The thunder spreads at the speed of sound of 330 meters per second. So it is much slower than the flash that becomes visible at the speed of light. That is why it can usually only be heard afterwards, unless the lightning strikes in the immediate vicinity of the observer.

The cause of the lightning discharges are electrical voltages between clouds and earth / clouds of a few 100 million volts. They generate currents of up to several 100,000 amperes in the lightning channels, which causes the lightning channel to heat up enormously.

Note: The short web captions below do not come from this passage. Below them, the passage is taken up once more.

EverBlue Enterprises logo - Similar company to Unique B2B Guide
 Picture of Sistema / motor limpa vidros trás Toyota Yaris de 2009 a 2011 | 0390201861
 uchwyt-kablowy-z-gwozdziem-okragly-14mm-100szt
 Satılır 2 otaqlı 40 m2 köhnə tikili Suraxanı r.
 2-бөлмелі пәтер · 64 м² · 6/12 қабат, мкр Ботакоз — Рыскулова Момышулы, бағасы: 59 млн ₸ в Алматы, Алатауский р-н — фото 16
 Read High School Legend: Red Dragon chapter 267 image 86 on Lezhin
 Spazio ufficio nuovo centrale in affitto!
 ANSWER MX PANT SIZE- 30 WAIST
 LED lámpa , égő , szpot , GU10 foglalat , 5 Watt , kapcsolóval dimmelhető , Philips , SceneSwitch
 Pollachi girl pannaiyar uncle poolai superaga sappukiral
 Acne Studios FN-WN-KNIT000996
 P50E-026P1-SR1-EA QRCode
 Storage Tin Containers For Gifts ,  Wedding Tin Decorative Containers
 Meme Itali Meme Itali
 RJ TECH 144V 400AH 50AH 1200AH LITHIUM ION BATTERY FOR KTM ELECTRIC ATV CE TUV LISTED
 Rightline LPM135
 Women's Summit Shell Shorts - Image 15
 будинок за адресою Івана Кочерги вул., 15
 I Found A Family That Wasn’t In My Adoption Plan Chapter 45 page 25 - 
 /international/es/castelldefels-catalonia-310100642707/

The voltages are generated by the separation of positive and negative electrical charges within thunderclouds. Here, moist, warm air masses, ice particles and water droplets play the main role. As a result, positively charged ice particles accumulate at the top of the thundercloud, compared to a negative charge center of water droplets at the bottom. The positive counter-charge then arises on earth through electrical induction.

Lightning strike the Eiffel Tower

Since the electrical discharge of the clouds prefers the shortest route to the ground, the lightning bolts can usually be seen coming straight from above. Since we are usually on the ground, we hear the shock waves from the end of the lightning channel first, followed by the crash of subsequent shock waves from further up. The situation is different when lightning strikes at a constant distance from the observer, because then the shock waves can arrive at the observer at about the same time and thus generate the well-known thunder-bang.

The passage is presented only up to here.